Well, I had a nice dinner and get to enjoy a nice evening.  Tommorrow I get my new Computer and then hopefully I'll be posting with a computer that is not 5 years old.


----------



## Sir Osis of Liver (Dec 10, 2002)

> Well, I had a nice dinner and get to enjoy a nice evening. Tommorrow I get my new Computer and then hopefully I'll be posting with a computer that is not 5 years old.





It's worked for you so far.


----------



## Crothian (Dec 10, 2002)

Sir Osis of Liver said:
			
		

> *
> 
> 
> It's worked for you so far. *




Not really.  In the past five months I've been getting errors and really odd things have been happening on it.


----------



## Grim (Dec 10, 2002)

Post: This is a post. You may read it.

postcount ++;


----------



## Sir Osis of Liver (Dec 10, 2002)

Look guys, my mug o' beer is back!

It looks so tasty too, my mouth is watering just looking at it.


----------



## Jeph (Dec 10, 2002)

Ooo! Ooo! I want an avatar! *[scurries over to appropriate thread to get more info]*


----------



## Darkness (Dec 10, 2002)

*Attention, please:*

The Hivemind is from now on allowed to exist in General Discussion.  But we don't get to clutter up _two_ forums, of course, so we have to leave Meta.

From now on, however, there will be only _one_ Hivemind thread in order to avoid cluttering up the very busy GD forum.

The move to GD will of course mean more attention (and thus, more people participating or at least stopping by) for our threads - which is a good thing, IMO, but I know that not all of us _want_ more attention. 

Therefore, I need to close one of our two currently active threads and move the other to GD.

So... Which one do we want? 
(Myself, I'm fine with keeping either of our threads open.  )

- Darkness


----------



## Sir Osis of Liver (Dec 10, 2002)

I'd say that this should be the one, it's the newest and most assesable.

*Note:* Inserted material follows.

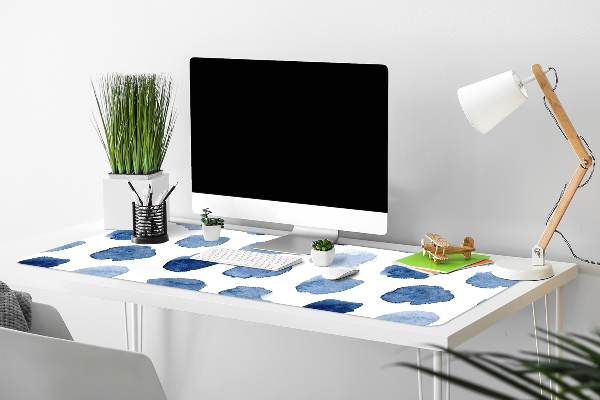 Tapis de bureau Points d'encre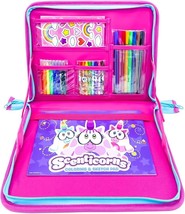 Scenticorns Sweet Scented Washable Markers Lap Travel Activity Art Sketch Pad - £14.38 GBP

Any chance you could fill us in on how this whole thing came about, Darkness?


----------



## Darkness (Dec 10, 2002)

Sir Osis of Liver said:
			
		

> *Any chance you could fill us in on how this whole thing came about, Darkness? *



We sold out, of course! 

Heh.

We were never meant to stay in Meta forever (and we aren't in the forum description, either ); GD - and not Meta - is really the right board for this kind of thing...

Morrus still allowed us to be silly and do our thing in Meta for quite a while - but since we're still going strong, it's now time to move into a permanent, appropriate home instead of our current, provisional one.


----------



## Crothian (Dec 10, 2002)

Actually, I think if we do do Hivemind in GF it should be a brand new thread.  Just close these two and start fresh.


----------



## Darkness (Dec 10, 2002)

Ok. I already closed the other thread.

And since this one is your thread, Crothian, I'll close it if you want me to.
(Or else as soon as you - or whoever - starts a new Hivemind thread in GD.)


----------



## Crothian (Dec 10, 2002)

Ya, go ahead and close this.  We shall see how it lasts in GD.  Thanks Darkness.


----------



## Mr Fidgit (Dec 10, 2002)

you see, this is why i get afraid to peek back into Meta...

i go away for a few hours and come back to Hivemind threads in GF and avatars?! is the world going _insane_?!?


----------



## Sir Osis of Liver (Dec 10, 2002)

new thread in GD, i finally got one too!


----------



## Darkness (Dec 10, 2002)

Ok. Thy wish be done. Rest well, sweet thread; we hardly knew ye. 

Goodbye, Meta board; we're moving out...

*sigh*


----------



## Crothian (Dec 10, 2002)

BYE!!


----------